Ein Zeichen von Leben: An geschützten Abhängen drüben ziehen dunkle Tannenwälder, dicht an der Küste liegt ein einsames Gehöft. Schäumend stürzt ein kleiner Gebirgsbach in die See.

Zahlreicher werden die Inseln und Schären voraus. Ein weißer Leuchtturm hebt sich ab. „U 195“ hält weiter in See hinaus, sie zu umgehen. Die dürftigen Spuren von Leben bleiben wieder zurück, schweigend gleitet stundenlang das Land vorbei. Das gleiche düstere, trostlose Bild: die schwarzen, starrenden Wände, die ragenden Berge. Kein Laut, keine Bewegung. Nur Möwen, die zu Tausenden in den Klippen ihre Brutplätze haben, kommen leichtbeschwingt heran, spähen gierig nach Beute und verschwinden, da sie nichts Fressbares zu ergattern vermögen, unter misstönigem Kreischen unter Land.

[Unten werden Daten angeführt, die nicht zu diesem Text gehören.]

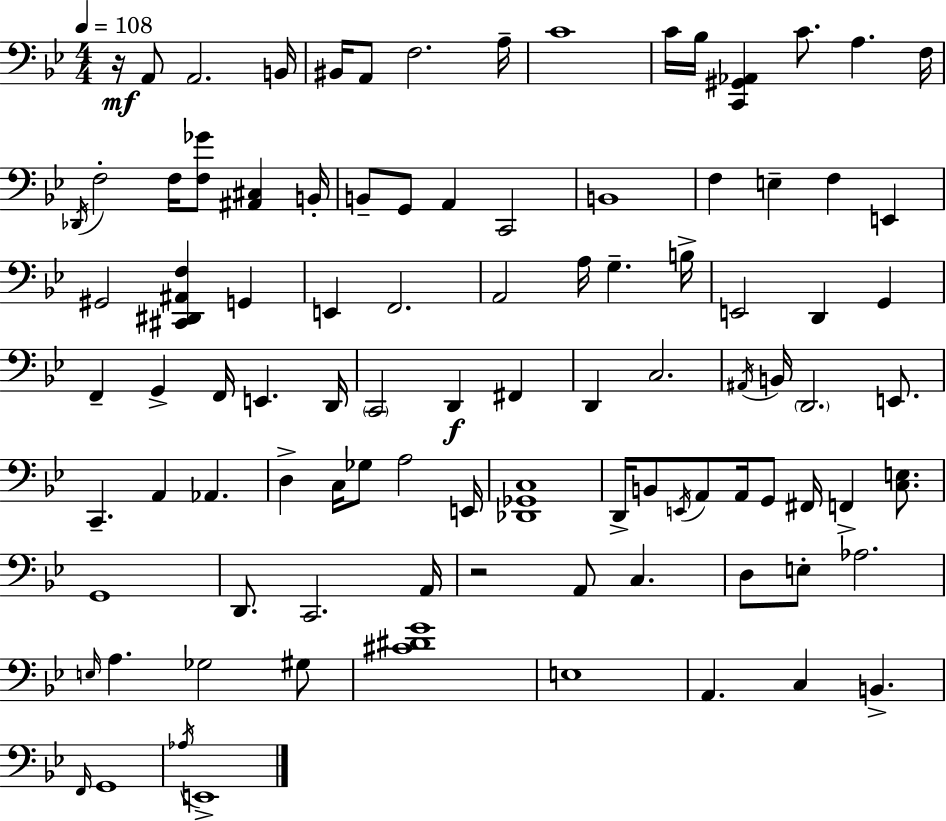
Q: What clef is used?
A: bass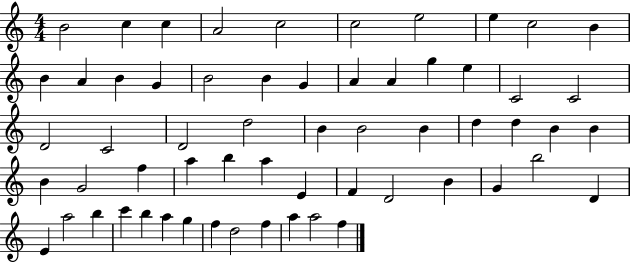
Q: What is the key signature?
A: C major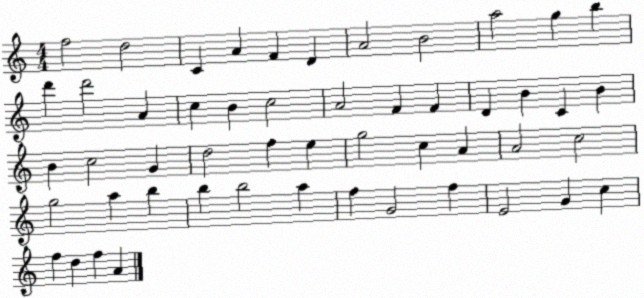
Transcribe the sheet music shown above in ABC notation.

X:1
T:Untitled
M:4/4
L:1/4
K:C
f2 d2 C A F D A2 B2 a2 g b d' d'2 A c B c2 A2 F F D B C B B c2 G d2 f e g2 c A A2 c2 g2 a b b b2 a f G2 f E2 G c f d f A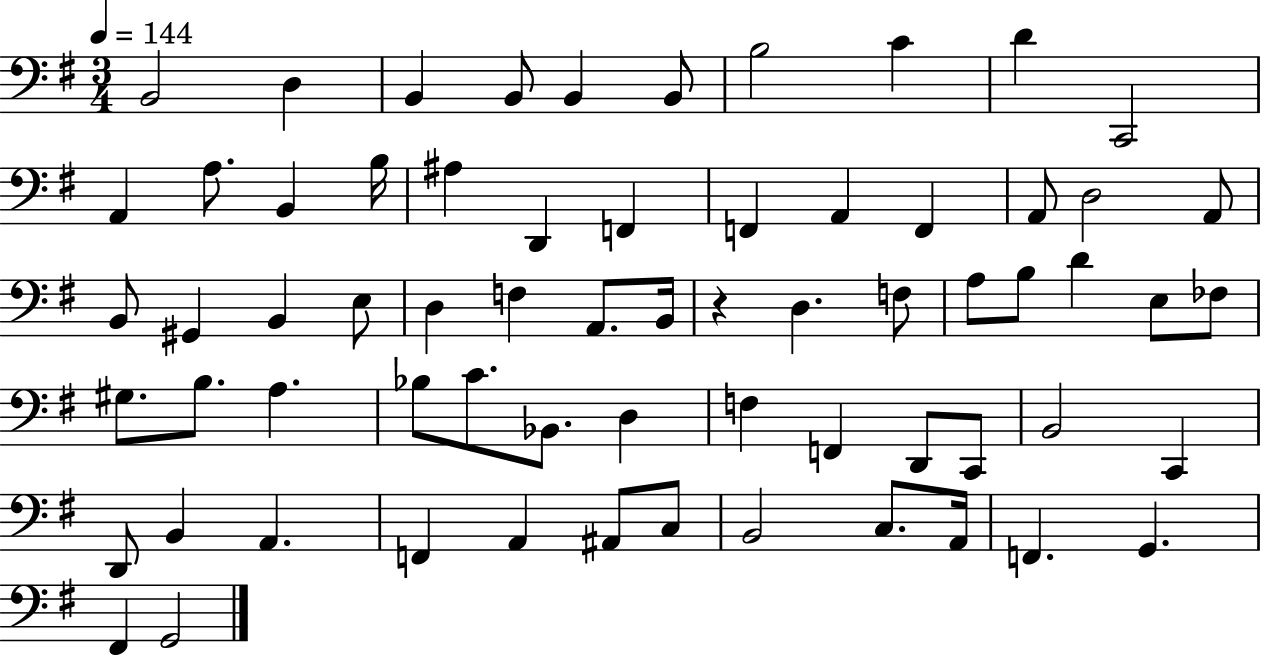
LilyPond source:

{
  \clef bass
  \numericTimeSignature
  \time 3/4
  \key g \major
  \tempo 4 = 144
  b,2 d4 | b,4 b,8 b,4 b,8 | b2 c'4 | d'4 c,2 | \break a,4 a8. b,4 b16 | ais4 d,4 f,4 | f,4 a,4 f,4 | a,8 d2 a,8 | \break b,8 gis,4 b,4 e8 | d4 f4 a,8. b,16 | r4 d4. f8 | a8 b8 d'4 e8 fes8 | \break gis8. b8. a4. | bes8 c'8. bes,8. d4 | f4 f,4 d,8 c,8 | b,2 c,4 | \break d,8 b,4 a,4. | f,4 a,4 ais,8 c8 | b,2 c8. a,16 | f,4. g,4. | \break fis,4 g,2 | \bar "|."
}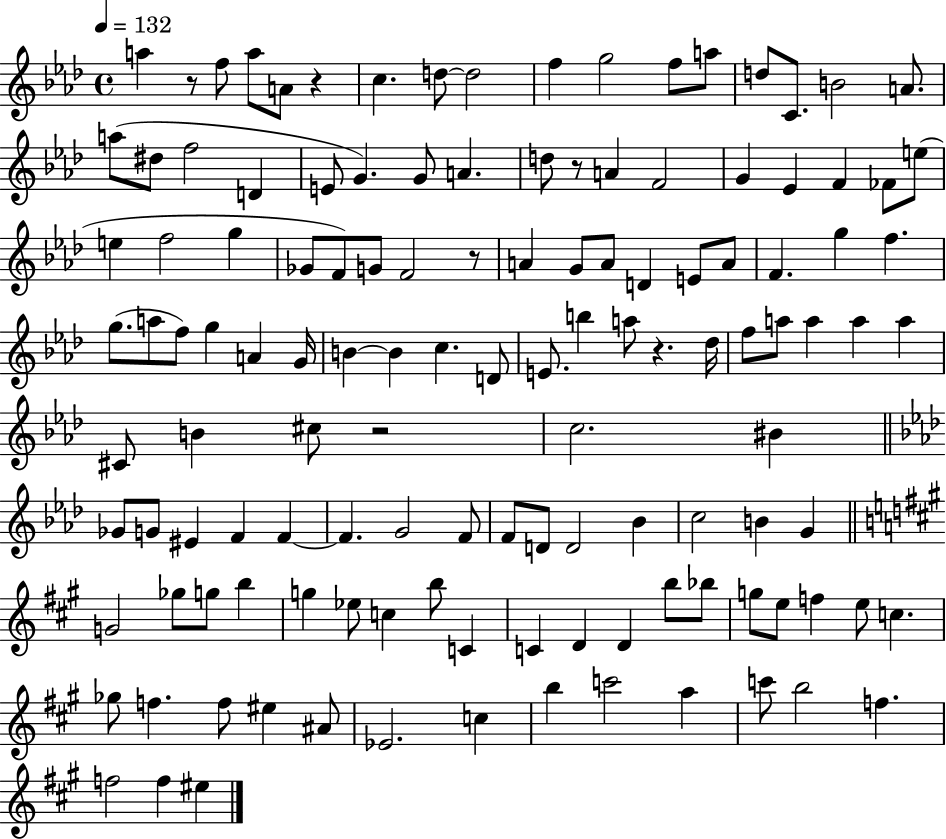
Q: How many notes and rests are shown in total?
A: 127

Mit der Dämmerung staut der Wind allmählich ab, um später, als die Nacht hereinbricht, ganz einzuschlafen. Stunde um Stunde verrinnt in gleichmäßiger, ruhiger Fahrt. Weit in der Ferne donnert die Brandung, am westlichen Horizont tauchen einzelne Lichter aus und verschwinden wieder. Die Zeit ist zu knapp zu einem Abstecher; es heißt vorwärts auf dem kürzesten Wege. Haben die Dampfer, die dort fahren, Bannware an Bord, werden sie hoffentlich einem Kameraden in die Arme laufen.

Ohne weitere Zwischenfälle vergeht die Nacht, der neue Tag kommt herauf. Gegen Abend will der Kommandant auf der Höhe von Stavanger stehen. Mehr und mehr nähert sich „U 195“ dem Jagdgebiete, unendlich vorsichtig heißt es sein. Der Schiffsverkehr ist hier sehr lebhaft. Holz und Fische gehen in großen Mengen nach England und Schottland. So wichtig sind die Transporte, dass die Admiralität sie sicherlich vor den deutschen Unterseebooten zu schützen sucht und Kreuzer einzeln oder in Verbänden auf der Strecke patrouillieren lässt.

An Steuerbord gleitet die Küste vorbei. Dunkel, kahl, das gleiche Bild wie tags zuvor. Im Hinterlande werden die Gebirge höher, schroffer und zerklüfteter ragen einzelne Bergspitzen hervor. Das Wetter ist noch milde. Wärme und Richtung des Golfstromes machen sich angenehm fühlbar. Die Stimmung an Bord ist vorzüglich. Alle Luken sind geöffnet, frei und ungehindert streicht die Luft in das Innere des Bootes. Was dienstfrei ist, hält sich oben auf Vorder- und Achterdeck auf und beteiligt sich am Ausguck. Klar und sichtig ist die Luft, weithin suchen die Gläser den Horizont ab. Nichts. Ein kleiner Segelfischer nur kriecht längs der Küste entlang.